Ali Fikri berharap MA berpandangan bahwa korupsi merupakan extra ordinary crime atau kejahatan luar biasa. Dia melanjutkan, tindak pidana korupsi telah memberikan dampak buruk yang nyata dirasakan masyarakat luas dan menghambat pemulihan ekonomi nasional.
"Sehingga butuh komitmen seluruh pemangku kepentingan untuk bersinergi dalam upaya bersama pemberantasan korupsi sesuai tugas dan fungsinya masing-masing," katanya.
Hingga saat ini, KPK belum mengeksekusi Edhy Prabowo ke lembaga pemasyarakatan. Hal tersebut mengingat perkara terdakwa Edhy Prabowo saat ini belum memiliki kekuatan hukum tetap menyusul upaya hukum lanjutan yang dilakukan mantan wakil ketua umum Gerindra itu
Terkait upaya hukum tersebut, Ali mengatakan bahwa tim jaksa akan menyusun kontra memori kasasi. Dia menjelaskan, hal tersebut sebagai bantahan atas dalil dan argumentasi terdakwa dimaksud.
Sebelumnya, Edhy Prabowo mengajukan kasasi atas vonis sembilan tahun penjara yang diputus Pengadilan Tinggi DKI Jakarta. Upaya hukum lanjutkan itu seperti dilihat dari Sistem Informasi Penelusuran Perkara (SIPP) Pengadilan Negeri Jakarta Pusat.
Kasasi diajukan lantaran Edhy diduga keberatan dengan putusan Pengadilan Tinggi DKI Jakarta.
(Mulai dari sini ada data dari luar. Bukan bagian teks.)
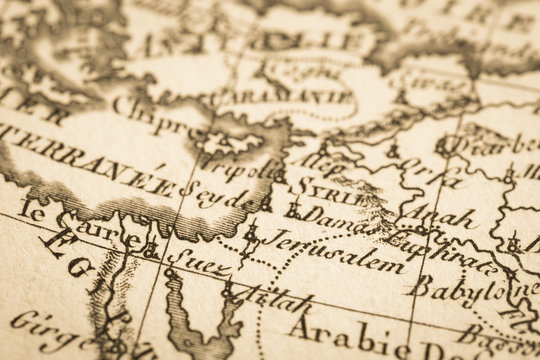 アンティークの世界地図　ヨルダン川西岸地区
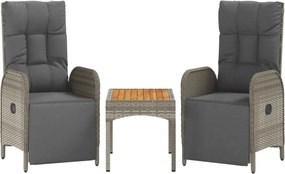 vidaXL 2 db szürke polyrattan dönthető kerti szék asztallal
Pada 11 November lalu, Majelis Hakim Pengadilan Tinggi DKI Jakarta menolak permohonan banding yang diajukan Edhy Prabowo.
Majelis hakim banding menilai, hukuman pengadilan tingkat pertama sebesar lima tahun penjara bagi Edhy belum mencerminkan rasa keadilan bagi masyarakat. Edhy juga tetap dibebankan membayar denda Rp 400 juta subsider 6 bulan kurungan.
Edhy juga diwajibkan membayar uang pengganti sejumlah Rp 9.687.457.219 dan 77 ribu dolar AS subsider tiga tahun penjara. Putusan di tingkat banding itu dijatuhkan pada 21 Oktober 2021 oleh Haryono selaku hakim ketua majelis, Mohammad Lutfi, Singgih Budi Prakoso, Reny Halida Ilham Malik serta Anton Saragih masing-masing sebagai hakim anggota.
Seperti diketahui, Edhy Prabowo diyakini menerima suap senilai Rp 25,7 miliar secara bertahap berkenaan dengan penetapan izin ekspor benih lobster. Edhy terbukti secara sah dan meyakinkan bersalah melakukan tindak pidana korupsi secara bersama-sama sebagaimana Pasal 12 huruf a UU Pemberantasan Tindak Pidana Korupsi Jo Pasal 55 ayat 1 ke-1 KUHP Jo Pasal 65 ayat 1 KUHP.